Pictures with short captions

Content starts

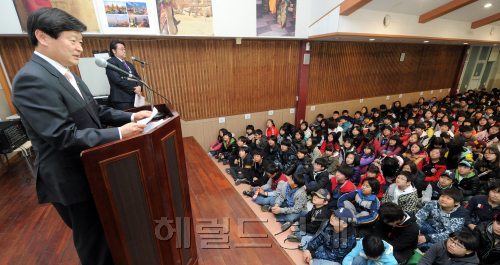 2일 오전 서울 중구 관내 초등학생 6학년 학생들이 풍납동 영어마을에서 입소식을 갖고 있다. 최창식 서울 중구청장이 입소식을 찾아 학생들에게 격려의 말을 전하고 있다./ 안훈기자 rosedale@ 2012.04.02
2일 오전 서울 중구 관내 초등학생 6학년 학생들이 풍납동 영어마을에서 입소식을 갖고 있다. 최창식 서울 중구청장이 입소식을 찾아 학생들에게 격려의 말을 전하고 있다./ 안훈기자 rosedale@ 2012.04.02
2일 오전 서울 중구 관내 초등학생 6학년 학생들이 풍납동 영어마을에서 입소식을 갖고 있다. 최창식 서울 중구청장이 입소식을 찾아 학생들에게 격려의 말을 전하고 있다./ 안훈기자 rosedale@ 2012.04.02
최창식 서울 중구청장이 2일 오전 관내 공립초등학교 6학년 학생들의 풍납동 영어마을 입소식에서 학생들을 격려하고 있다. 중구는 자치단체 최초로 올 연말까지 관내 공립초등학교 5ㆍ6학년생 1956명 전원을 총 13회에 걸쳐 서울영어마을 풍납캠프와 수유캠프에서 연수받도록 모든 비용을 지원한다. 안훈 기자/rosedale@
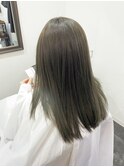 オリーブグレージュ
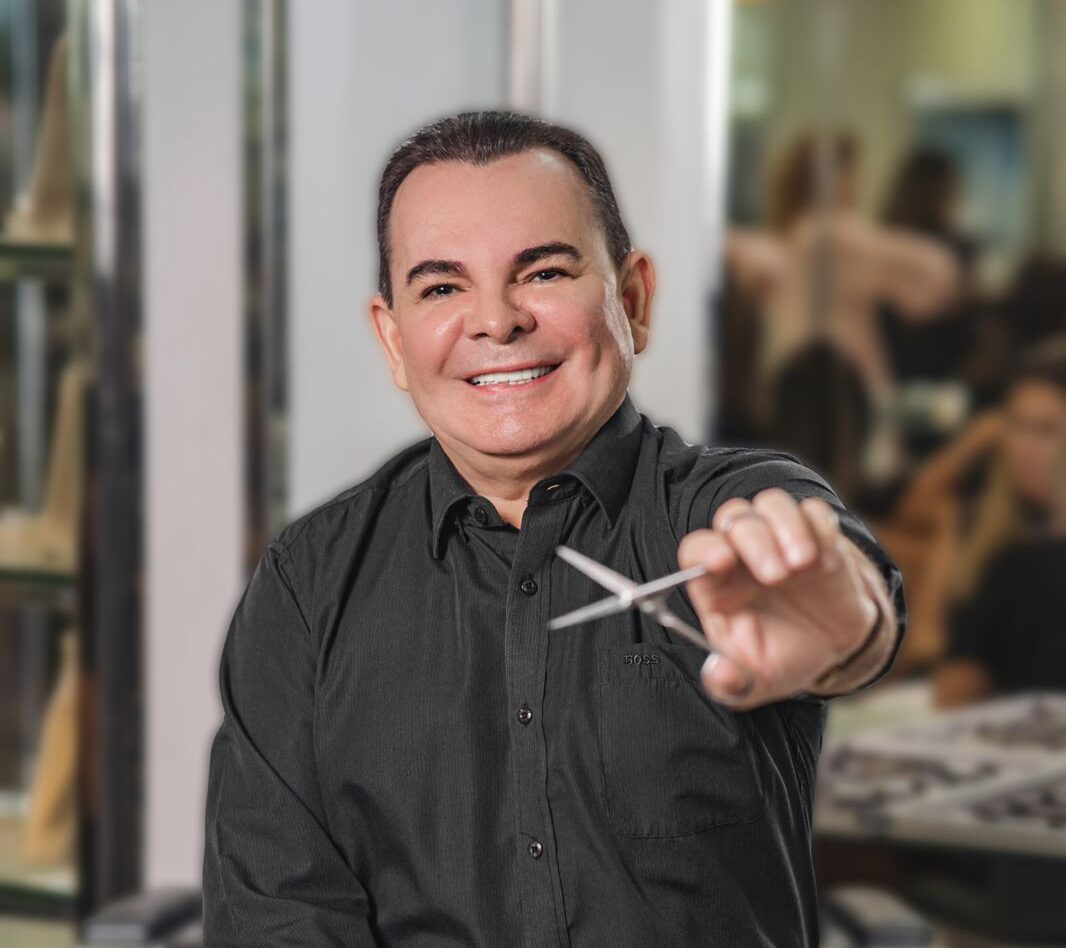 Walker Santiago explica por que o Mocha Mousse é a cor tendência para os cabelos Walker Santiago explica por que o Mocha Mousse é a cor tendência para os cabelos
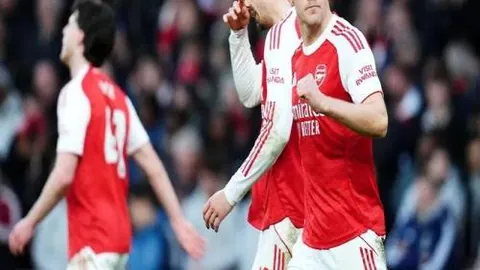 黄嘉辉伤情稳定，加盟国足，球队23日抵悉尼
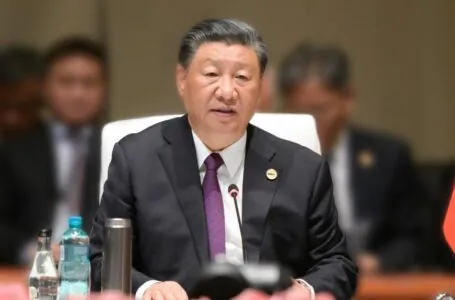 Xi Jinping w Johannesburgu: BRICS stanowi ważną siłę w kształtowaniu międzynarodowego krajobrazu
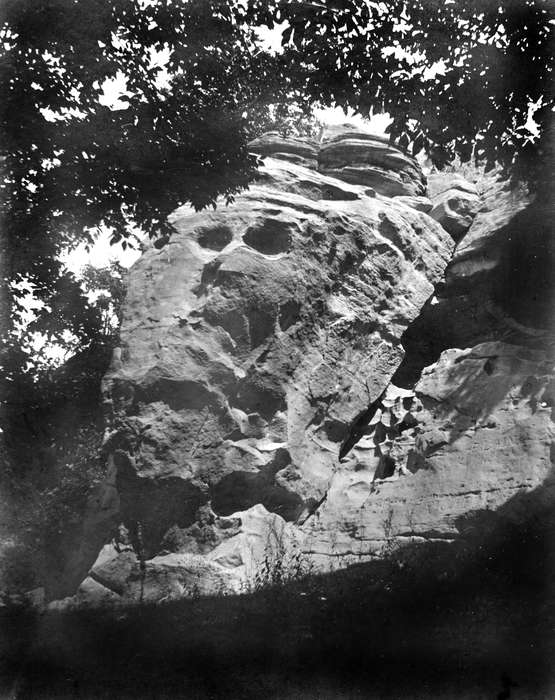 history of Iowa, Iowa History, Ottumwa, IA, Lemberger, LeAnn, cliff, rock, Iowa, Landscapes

Content ends

# Requirement
The required output is the lines from the one containing "최창식 서울 중구청장이 2일" through the end of the records above, reproduced exactly, with no pictures.

# Written reply
최창식 서울 중구청장이 2일 오전 관내 공립초등학교 6학년 학생들의 풍납동 영어마을 입소식에서 학생들을 격려하고 있다. 중구는 자치단체 최초로 올 연말까지 관내 공립초등학교 5ㆍ6학년생 1956명 전원을 총 13회에 걸쳐 서울영어마을 풍납캠프와 수유캠프에서 연수받도록 모든 비용을 지원한다. 안훈 기자/rosedale@
 オリーブグレージュ
 Walker Santiago explica por que o Mocha Mousse é a cor tendência para os cabelos Walker Santiago explica por que o Mocha Mousse é a cor tendência para os cabelos
 黄嘉辉伤情稳定，加盟国足，球队23日抵悉尼
 Xi Jinping w Johannesburgu: BRICS stanowi ważną siłę w kształtowaniu międzynarodowego krajobrazu
 history of Iowa, Iowa History, Ottumwa, IA, Lemberger, LeAnn, cliff, rock, Iowa, Landscapes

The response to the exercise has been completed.